Olivia Nuzzi dishes on her ‘digital affair’ with Robert F. Kennedy Jr. in a new book due out next month. (Copyright 2023 The Associated Press. All rights reserved.)
Saying that she loved the 71-year-old anti-vaccine activist, Nuzzi notes that she only told Kennedy – who is married to actress Cheryl Hines – “I love you” after he said it first. She also reveals that Kennedy gave her the nickname “Livvy” and wrote poems to her. He went so far as to tell her he’d take a bullet for her – and even expressed his desire for her to have his child.
“She writes that the first few times Kennedy said he loved her, she did not say it back,” the New York Times noted. “Yet she knew she felt the same. ‘I love him, I thought. Oh no. I love him so much.’ They spoke often and were intimate enough for her to see him flossing his teeth, his dopp kit overflowing with prescriptions.”
She also insisted that while Kennedy had claimed to be “sober” for decades, he confided in her that he was taking psychedelics and smoked the powerful drug dimethyltryptamine, or DMT. She, in turn, let him know she took Adderall and “liked uppers.”
In the end, with Kennedy looking to join forces with Trump after his presidential campaign imploded, she said that Kennedy’s promise to “take a bullet” turned into her having to do that for him.
Once news of their relationship broke in September of last year, she told Kennedy she would do whatever he needed. Kennedy, meanwhile, said: “If it’s just sex, I can survive it.” She told the Times that she has not spoken to Kennedy in a year.

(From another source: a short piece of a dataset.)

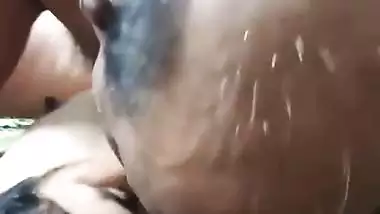 Man fucks his fair neighbor’s pussy in the desi sex video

At the time the relationship came to light, Kennedy attempted to shrug it off, insisting he’d only ever met Nuzzi once for a “hit piece” she wrote about him for New York magazine.
Meanwhile, the Times pointed out that Nuzzi’s book is written in such a way that it “allows her to construct a world where everyone is a sketch and proof is beside the point.” She also asserts in the memoir that she understands people will disagree with her version of history, and that she’s not trying to prove anything.
Still, when asked whether she still had her text messages with Kennedy, she replied: “I don’t have anything to say about that.”
During one interview with the Times, Nuzzi “gave up the pretense of trying to explain the unexplainable” and joked about why she suddenly fell in love with the current head of Trump’s health department.
“Maybe it was the vaccines,” she quipped while sitting under a pine tree.